4a) (Crash): Every operation could overflow needs a conditional branch
	after it to branch to a crashing instruction (or a branch over
	an undefined instruction if there's no overflow).

4b) (Crash with trap): Use operations which trap on overflow.  This takes
	no new instructions and costs no performance.

Basically, all a) cases are:

	op_with_might_overflow();
	if(overflow_happened) {
		handle the overflow
	}

Trapping-on-overflow instructions are clearly useless for languages
which care about overflow.  To save one branch instruction, an entry is
needed to describe how to handle the overflow, which is certainly larger
than a branch instruction.  And the code to "handle the overflow" is
needed in any case.  And this assume some sort of instant lookup--of the
1000 overflow instructions, we need a hash table to look up the address,
which is more overhead.

Trapping on overflow instructions are useful as a debug aid for
languages which don't care about overflow--but then you're optimizing
something nearly useless.  It also might be helpful if global clamping
to MIN/MAX was useful (and I don't think it is).

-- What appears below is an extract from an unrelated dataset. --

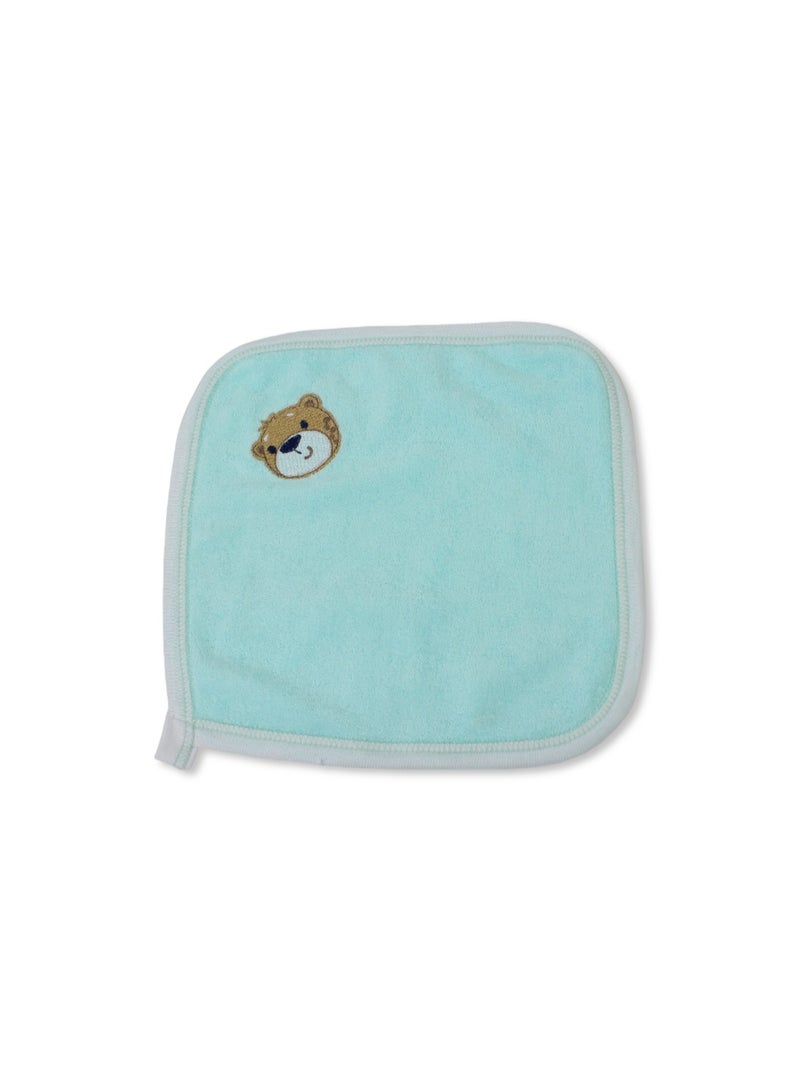 Cotton Baby Towel – Aqua with Bear Embroidery - Image 2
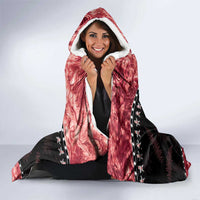 New Zealand Tiki Christmas Hooded Blanket Ho Ho Ho Paua Shell Glitter Red LT05 - Polynesian Pride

Instruction sets which make detecting overflow difficult (say, RISC-V),
would do well to make branch-on-overflow efficient and easy.  But adding
trap-on-overflow instructions is a waste of effort.

Note that using traps on data access violations which are "fixed" by
signal handlers CAN work out.  They are slow, but as long as the
exception handler can fix the access violation and return right to the
instruction which failed (without needing to know ANYTHING about that
instruction in particular), this can work fine.  But integer overflow
doesn't work like that--it's generally not possible to figure out
in the trap handler what to do without more information.